* [EXERCISE REQUIREMENTS] Find the line containing "Brother Continuous Paper" in the records below. Copy exactly that line and each one after it, ending at the line containing "アヴィレックス AVIREX HOODED", and nothing more.

* [DATA SHOWN]
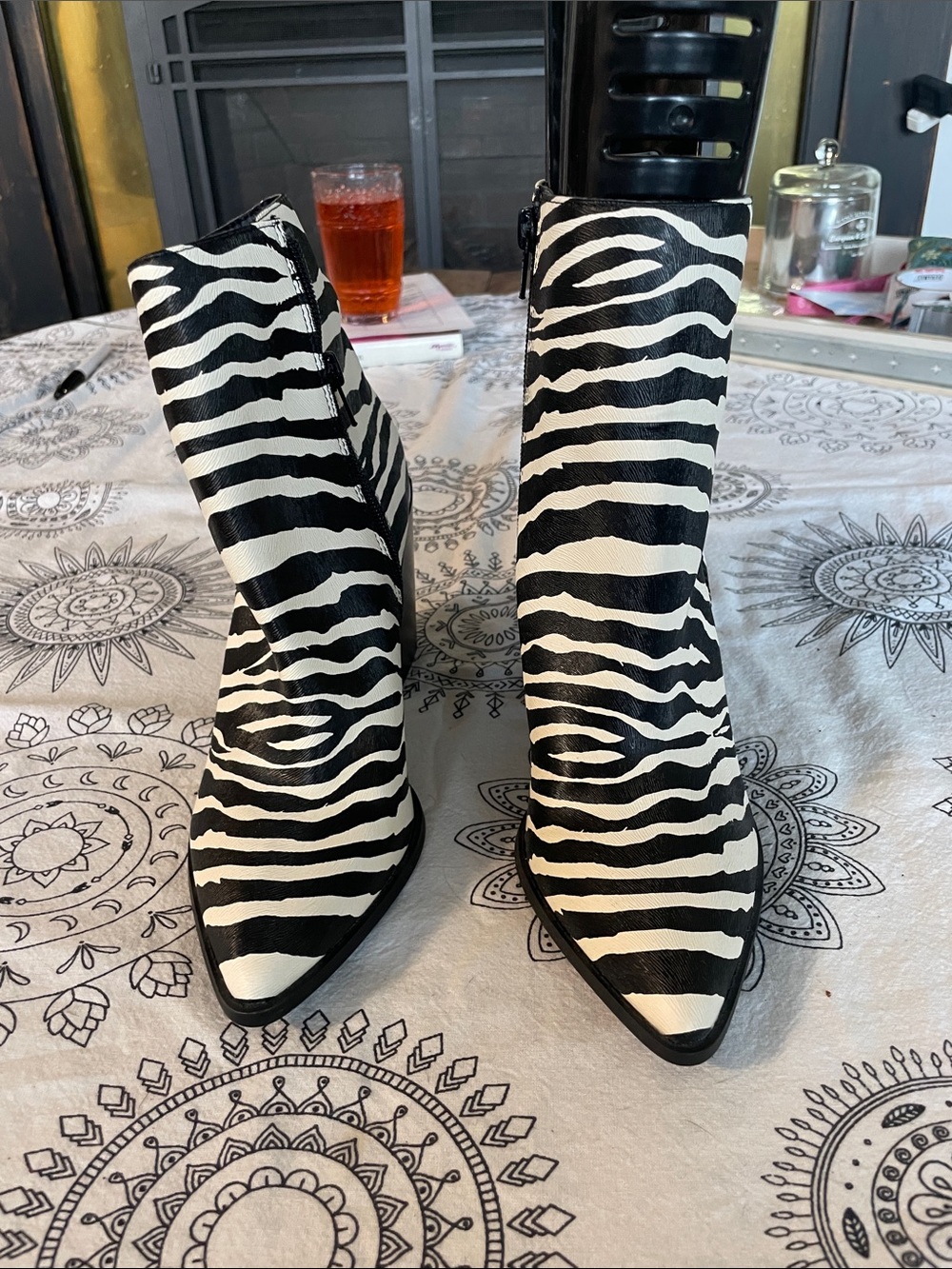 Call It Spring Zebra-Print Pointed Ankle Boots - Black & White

---

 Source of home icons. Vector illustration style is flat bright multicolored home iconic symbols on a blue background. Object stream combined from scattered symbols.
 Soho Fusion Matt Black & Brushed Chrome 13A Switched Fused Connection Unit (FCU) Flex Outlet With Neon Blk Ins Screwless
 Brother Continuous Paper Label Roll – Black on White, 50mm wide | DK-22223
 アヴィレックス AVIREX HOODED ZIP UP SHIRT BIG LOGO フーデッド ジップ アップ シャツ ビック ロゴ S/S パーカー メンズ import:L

* [ANSWER BOX]
 Brother Continuous Paper Label Roll – Black on White, 50mm wide | DK-22223
 アヴィレックス AVIREX HOODED ZIP UP SHIRT BIG LOGO フーデッド ジップ アップ シャツ ビック ロゴ S/S パーカー メンズ import:L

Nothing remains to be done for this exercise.